Research & Papers

AgentLens: Adaptive Visual Modalities for Human-Agent Interaction in Mobile GUI Agents

New mobile GUI agent solves the transparency vs. multitasking trade-off with three adaptive visual modes.

Deep Dive

A research team from Seoul National University and KAIST has introduced AgentLens, a novel mobile GUI agent designed to solve a core usability problem in human-AI interaction. Current mobile agents operate in two flawed modes: foreground execution, which blocks the screen, or background execution, which offers no visual feedback. Through formative studies, the team found users wanted a hybrid, just-in-time approach. AgentLens addresses this by dynamically choosing between three visual communication modalities—Full UI (complete overlay), Partial UI (minimal indicators), and GenUI (generated visual summaries)—based on the task context. This is enabled by a 'Virtual Display' system that allows the agent to run in the background while selectively projecting visual overlays.

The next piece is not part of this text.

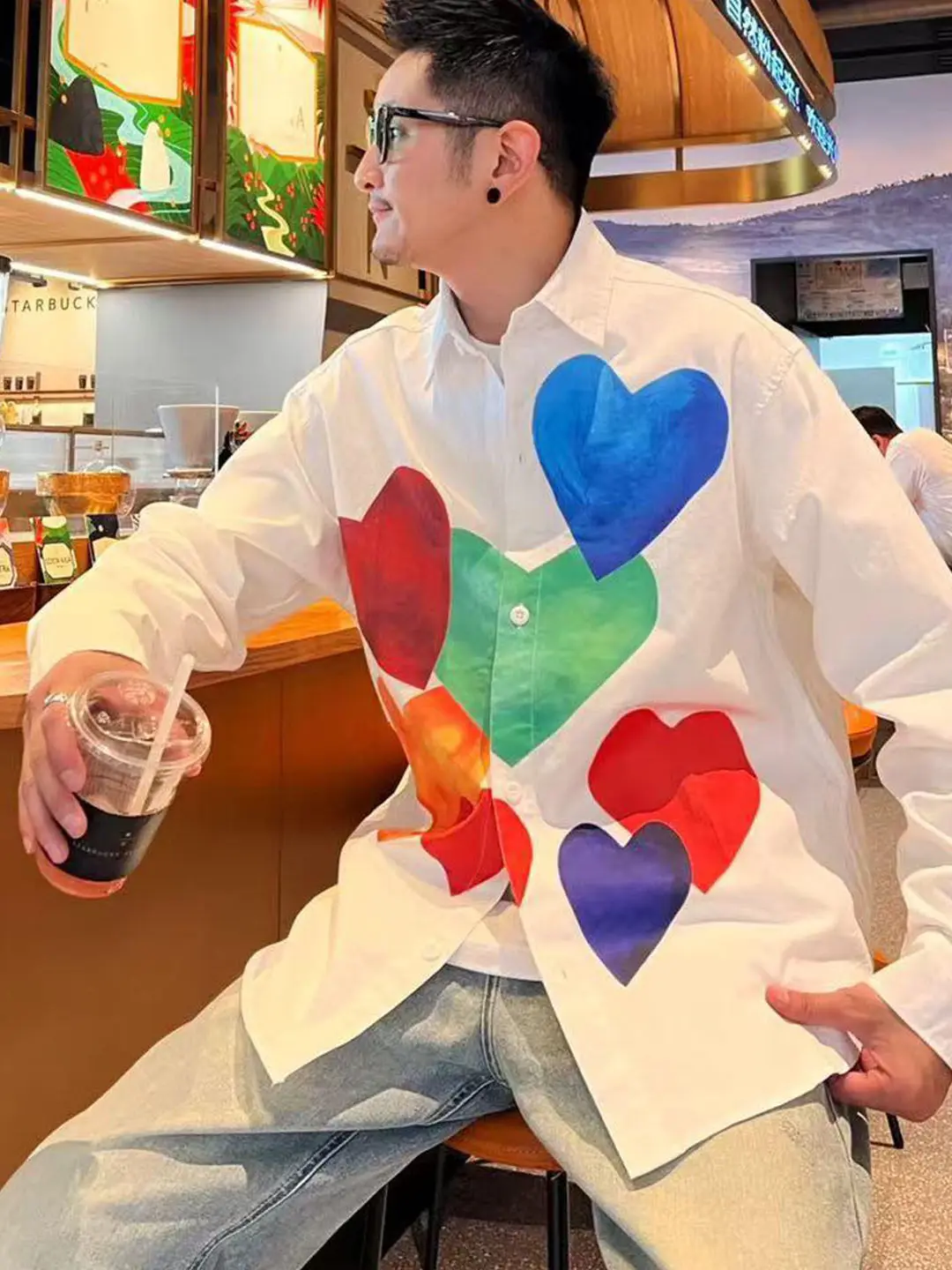 

Retro Youth Faion Personali Color Blo Heart Print Long Sve Collar Men's irt Spring Autumn Summer Open Cardigan Top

In a controlled user study with 21 participants, AgentLens demonstrated significant advantages. It was the preferred system for 85.7% of users, achieved the highest System Usability Scale score (1.94 on the PSSUQ), and scored 6.43 out of 7 for adoption intent. The adaptive system allows users to maintain awareness of an agent's progress on tasks like booking a flight or ordering food, without being forced to watch every step or lose the ability to multitask. This research, published on arXiv, represents a critical step toward making practical AI assistants that are both powerful and unobtrusive, moving beyond pure automation to consider the human in the loop.

Key Points
  • Solves the transparency-multitasking trade-off by adaptively using three visual modes: Full UI, Partial UI, and GenUI.
  • Achieved 85.7% user preference and a top-tier usability score (1.94 PSSUQ) in a study with 21 participants.
  • Uses a 'Virtual Display' to enable background execution with selective visual overlays, preserving user workflow.

Why It Matters

It makes AI mobile assistants practically usable by letting users monitor tasks without losing screen control, a key hurdle for adoption.